SURABAYA - Di tengah kesibukan Kota Surabaya, terselip kisah inspiratif tentang perjuangan dan semangat hidup seorang penyandang disabilitas fisik. Ade Candra Prastyo, seorang pemuda berusia 29 tahun dari Jl. Simo Jawar, Surabaya yang bangkit dari ambang kematian hingga menjadi fotografer profesional, meski harus memulai kariernya dengan meminjam kamera.

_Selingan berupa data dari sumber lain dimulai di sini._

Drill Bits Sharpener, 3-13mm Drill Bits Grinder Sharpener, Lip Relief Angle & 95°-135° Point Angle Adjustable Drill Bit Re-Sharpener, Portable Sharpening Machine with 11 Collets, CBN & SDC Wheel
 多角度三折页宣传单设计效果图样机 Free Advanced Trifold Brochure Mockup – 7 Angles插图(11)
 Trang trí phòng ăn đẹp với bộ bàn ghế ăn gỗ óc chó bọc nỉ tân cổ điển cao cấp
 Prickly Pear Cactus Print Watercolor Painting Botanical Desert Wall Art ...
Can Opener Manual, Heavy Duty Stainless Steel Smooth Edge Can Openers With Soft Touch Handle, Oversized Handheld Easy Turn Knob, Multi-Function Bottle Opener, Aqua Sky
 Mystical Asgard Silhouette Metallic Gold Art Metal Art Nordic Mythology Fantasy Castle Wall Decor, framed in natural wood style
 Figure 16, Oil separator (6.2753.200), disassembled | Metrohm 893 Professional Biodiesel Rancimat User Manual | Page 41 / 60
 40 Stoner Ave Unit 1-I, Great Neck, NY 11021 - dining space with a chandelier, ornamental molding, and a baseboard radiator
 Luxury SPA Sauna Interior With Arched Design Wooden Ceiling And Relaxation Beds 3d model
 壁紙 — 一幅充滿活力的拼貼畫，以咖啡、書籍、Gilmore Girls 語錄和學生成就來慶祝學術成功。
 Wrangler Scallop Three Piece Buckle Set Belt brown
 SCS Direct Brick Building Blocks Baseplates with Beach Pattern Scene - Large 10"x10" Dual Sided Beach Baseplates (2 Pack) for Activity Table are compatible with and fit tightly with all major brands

Beberapa tahun lalu, hidup Ade berubah drastis setelah kecelakaan tragis di kawasan Ngesong, Surabaya Barat. Dalam kejadian itu, tubuhnya tergeletak tanpa daya hingga dianggap meninggal. Namun, keajaiban muncul ketika seorang warga melihat tangannya bergerak di balik koran yang menutupi tubuhnya.
Ade segera dilarikan ke rumah sakit dan menjalani tujuh operasi besar, termasuk operasi pemotongan organ limpa dan perbaikan tulang paha. Meski penuh penderitaan, semangat hidupnya tak pernah padam. Ia terus berjuang melewati rasa sakit dan keterbatasan yang menantang.
Setelah pulih, Ade menemukan pelipur lara dalam dunia fotografi. Kamera menjadi medium baginya untuk merekam keindahan di tengah segala keterbatasan. Ia mulai dikenal ketika bergabung dengan PERSAS, klub sepak bola amputasi di Surabaya, sebagai fotografer resmi.
Pada tahun 2021, Ade mengikuti pelatihan dan memperoleh sertifikasi fotografer profesional dari BNSP, yang mengukuhkan keahliannya di bidang ini.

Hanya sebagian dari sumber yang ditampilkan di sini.